Each year in Maharashtra, at least one crore families install a Ganesh idol in their houses. These idols made of plaster of Paris and painted with poisonous chemical colours are immersed in flowing water, and start a chain of environmental destruction. To avoid it Samiti accepts Ganesh Idols that are ceremoniously taken to the place of immersion and immerses them at some convenient water source. In the first two years of the movement Samiti collected 40,000 idols but in the last two years, the Hindu Janajagaran Samiti vehemently opposed us. But since the intervention by government to stop immersion in flowing rivers to save environment, things are improving again. Yet we cannot avoid court cases already launched against us.
In one demonstration against Nirmala Mata, famous for her Sahaj Yog, devotees of Nirmala Mata actually beat us and launched a criminal case against us. I published one article against this in one of my books. She launched a defamation case against me in the Delhi High Court. The story goes on and on. I am aware that this is not the place to present the whole Balance Sheet of Samiti's work. But looking back gives us satisfaction that we could do so much in such adverse atmosphere and rightly feel proud of ourselves.

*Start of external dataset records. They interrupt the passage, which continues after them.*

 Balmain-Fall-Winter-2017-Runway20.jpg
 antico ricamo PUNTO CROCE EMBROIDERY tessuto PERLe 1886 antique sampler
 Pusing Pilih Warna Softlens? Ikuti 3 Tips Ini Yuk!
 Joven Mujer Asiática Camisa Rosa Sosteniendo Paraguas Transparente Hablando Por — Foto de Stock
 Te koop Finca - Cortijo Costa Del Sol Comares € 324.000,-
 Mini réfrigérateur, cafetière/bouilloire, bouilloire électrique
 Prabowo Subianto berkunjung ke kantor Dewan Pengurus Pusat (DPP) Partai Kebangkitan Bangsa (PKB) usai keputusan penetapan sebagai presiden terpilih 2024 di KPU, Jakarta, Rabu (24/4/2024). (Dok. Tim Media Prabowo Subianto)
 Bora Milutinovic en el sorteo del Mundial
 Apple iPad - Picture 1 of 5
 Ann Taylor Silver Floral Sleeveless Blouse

This work of eradication of superstition started in 1985. But at that point of time it was not a proper organization. Some like minded persons carried out the work which was dispersed at various places in a lose network. In 3-4 years it became impossible for them to carry on. Though I was not connected with these groups at that time, since 1971, I have been involved in the various movements of Social Change, fighting for Social Justice, economic exploitation, corruption and politics. I came in this movement of eradication of superstition in 1985. I had not felt the need and urgency of it at that time. So as soon as bickering began to come to the fore, I decided to quit.  I don't know what would have happened had I quit the organization. But certainly I would not have been there. My Pune colleagues argued, 'We have the intension to work, and you are the one who possesses a commanding  oratory and also can  spare  time.' Thus I became the Co-ordinator for two years and would continue if the organization seemed to take root. This took place in 1989. Two years later I was elected the working president. Strangely enough those who put pressure on me to lead gave up the work, one by one while I alone stuck on.  We had 17/18 branches then; and now have a network of a large number of activists working in 180 branches.
Recently an eminent elder social worker said to me, 'you seem to be doing well; no bickering in the organization; although not an NGO, you face no financial difficulties; the media too support you.' Though I was amused by his remark, I began to ponder 'being such a huge organization, why is there no bickering, no quarrels, no disparaging remarks, and no antagonism?'   With this reassuring atmosphere, the love of the co-workers, their confidence in me, I am certainly in an enviable position.
I have been the president from day one. After 3 years I wanted to step down but could not.  Then they decided to allow me to step down once the anti-black magic bill was passed. It is being postponed time and again and I remain the president. Not that I will retire after stepping down, for I am blessed with some rare abilities, such as, organizing work, keeping cool, perseverance, enviable health and ability to travel and work continuously without rest. Of course, age counts and the picture will eventually change. But I will try my best to remain alert and active.
During the last 18 years, we never experienced economic difficulty because of our unique way of work. The organization does not have an office of its own. All the branches are self supporting. They earn a little from the programmes they organize, self study tests, donations from members and sympathisers and some percentage out of the advertisements they get for the magazine. I believe in what Gandhiji said, 'No good work can suffer for want of funds.'
We get considerable publicity and people think we hanker for it. But I always remind my co-activists that an organization can rarely remain in the public eye for such a long time; and we should be prepared for being ignored eventually. Our work is publicized for three reasons. First the activities for eradication of superstition are intrinsically newsworthy. Secondly people and the media in Maharashtra believe that our activists are honest. The third reason, I must  admit is that we maintain proper relations with the media, take care to give them correct and honest accounts of our activities in time. Whenever any incident connected with Eradication of Superstition occurs I write a report on it and most of the main news papers immediately publish it.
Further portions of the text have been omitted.